The Piazza del Campo can serve as a relaxing spot for some. On nice days you will find children running around, people having picnics, people taking a nap (even though fully lying down in the Campo is illegal, I have never seen someone get in trouble). It serves as a good people watching spot. With its central and easy to find location, the Campo is a great place to meet up before going out with friends or meet up to enjoy a nice lunch. 

7. Your Own Special Italy

Unlike many of the other cities in Tuscany, Siena is not that touristy. During the spring it is pretty calm until about the end of April, as the weather gets nicer, when more groups come in for day tours. While it can be an inconvenience when you are trying to make it to class on time and a group of 75 people are just standing in the middle of the street, remember you were once in their place, completely enamored by the beauty of Siena and maybe you should stop to appreciate the sights once again. Plus, tourists really make you feel like a part of Siena, specifically when they ask you for directions or suggestions for places to eat.

8. Living la vita in Siena

It is easy to culturally integrate into Siena. Before you know it, you will relish the days the Tea Room is open and have a go-to spot for everything – espresso, tea, pizza, gelato, and that one café with WiFi that you will begin to recommend to others. You’ll quickly learn several different ways to get back to your apartment, even if it adds five more minutes to go up the smaller hill. 

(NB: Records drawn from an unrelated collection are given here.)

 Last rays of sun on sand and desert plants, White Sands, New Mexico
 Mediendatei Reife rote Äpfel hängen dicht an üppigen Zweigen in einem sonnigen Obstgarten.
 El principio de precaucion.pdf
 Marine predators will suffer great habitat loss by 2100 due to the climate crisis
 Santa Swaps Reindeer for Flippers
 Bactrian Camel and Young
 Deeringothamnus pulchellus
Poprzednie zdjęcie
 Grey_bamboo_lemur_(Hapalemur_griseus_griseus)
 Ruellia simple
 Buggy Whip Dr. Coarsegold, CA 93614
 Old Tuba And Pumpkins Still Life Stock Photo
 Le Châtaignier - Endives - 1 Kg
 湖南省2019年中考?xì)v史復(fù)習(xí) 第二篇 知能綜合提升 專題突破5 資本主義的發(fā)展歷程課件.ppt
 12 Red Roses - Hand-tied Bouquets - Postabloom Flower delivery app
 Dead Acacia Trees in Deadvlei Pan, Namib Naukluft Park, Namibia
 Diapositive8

In the future, when you look back at your time studying abroad in Siena, you will shake your head and laugh because it was one of the best decisions you made as a student, to study in a country filled with endless possibilities. 

9. Gelato

This is the year-round answer to all study woes. Need a break from writing a paper about Italian art (which you can see on your lunch hour by the way)? Stop by Kopa Kabana on Via Rossi or one of the other gelateries Siena has to offer. Not only do you get to enjoy a budget-friendly treat, it is also part of the adventure  to find the “best” gelato in the city center. Of course, while traveling around Italy you are able to try the “famous” gelato in each town, like Di Un Gelato in Milan, too.

10. A New Dish A Day

You can’t always fill up on gelato and Siena has so many more food options to try! Start with a simple bruschetta and move on to the abundance of pasta dishes – only if your taste buds are ready for an unforgettable experience. Within the city center there are many restaurants with varying prices – from “I’ll try the Nutella pizza” to “a nice night out with friends”.

Insider Tip: To survive your first sit-down meal at an Italian restaurant when studying abroad, it’s good to know that bread and water is not free (like in the U.S.) and the service tip is usually included in the bill.